Karl Marx said that everyone looks the same when viewed through the lens of capital: race, class, age, disability, etc. are equalized under umbrella terms like “rate of marginal productivity.” As nations search for ways to maintain economic growth, they will prove Marx right, at least when it comes to employing women.
As Saadia Zahidi, director of constituents at the World Economic Forum, explains, gaps in public services available to women are closing, but women still lack a participatory voice in economic and political matters:
“Ninety six percent of health gaps have been closed; 93% of education gaps have been closed. Only about 59% of economic participation gap and only 18% of the political empowerment gap [have been closed]. So what we find is that … women are starting to be as healthy and almost as educated as men. And yet they are not being channeled into the economy and not able to participate in decision-making. So that’s an immense loss in the global economy.”
India, China, Japan, and even the United States are redoubling their efforts to integrate women into the workforce. Perhaps the greatest room for progress is in India, where Prime Minister Narendra Modi’s call for women’s education parallels his attempt to end the epidemic of rape.
There is also a strong bias in favor of boys among Indian villagers such that substantially fewer girls are being born.
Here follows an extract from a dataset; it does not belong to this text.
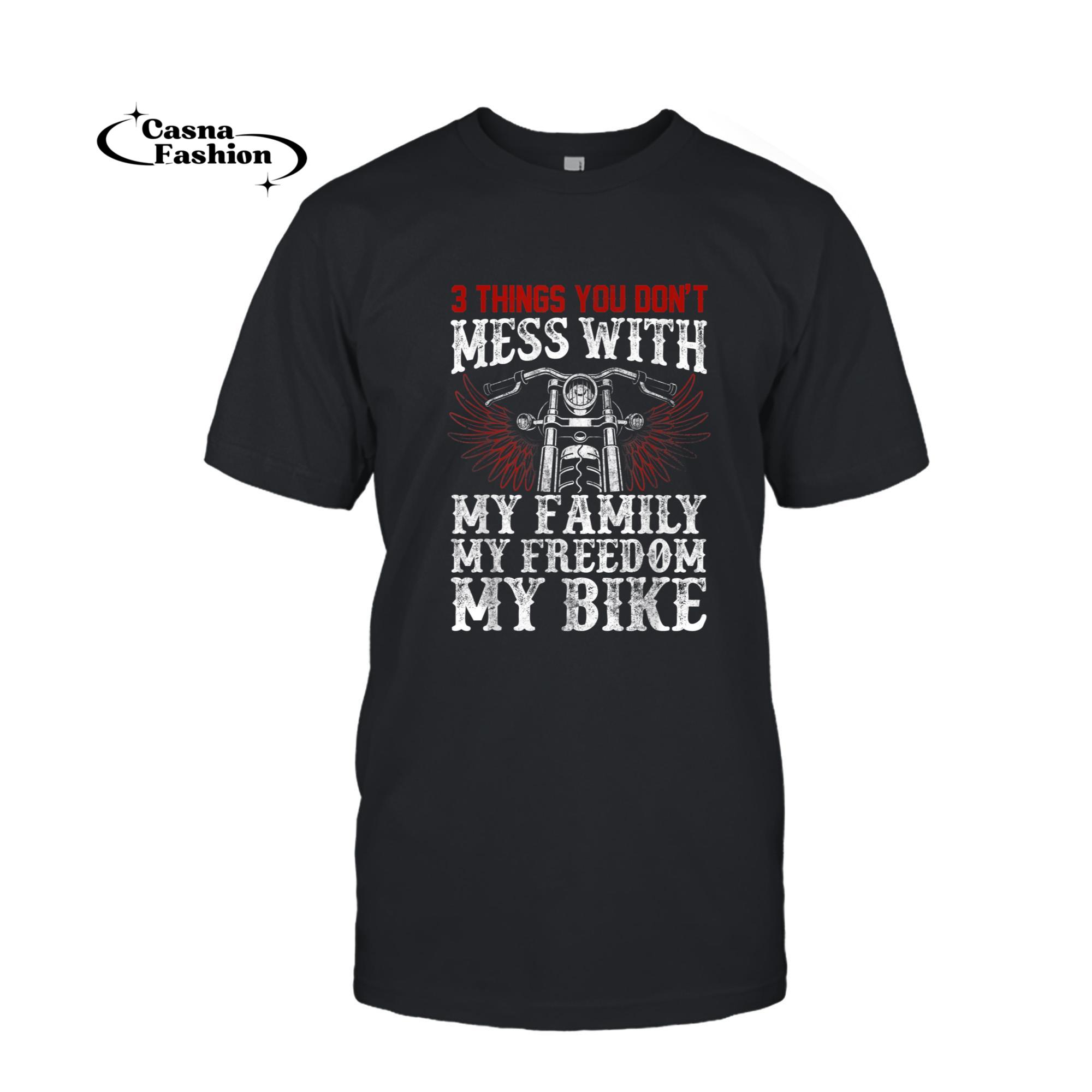 casnafashion_T-shirt_Classic Motorcycle Biker My Family My Freedom My Bike T-Shirt_T-shirt_Black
To help remedy this, the national government is prepared to give financial support to villages that restore a more balanced boy/girl ratio.
In Japan, Prime Minister Shinzo Abe recently declared a goal of creating 400,000 new places at daycare centers across the country, freeing mothers to pursue part- or full-time jobs during the day. As Zahidi explained to Big Think:
“It’s a waste of the investment that companies have made in having those women for five or 10 years in their systems and then simply losing out on that talent because they’re unable to find a mechanism to allow them to combine work and family.”
In China and the United States, where females have already entered the workforce en masse, special efforts will concentrate on promoting more women into the levels of upper management.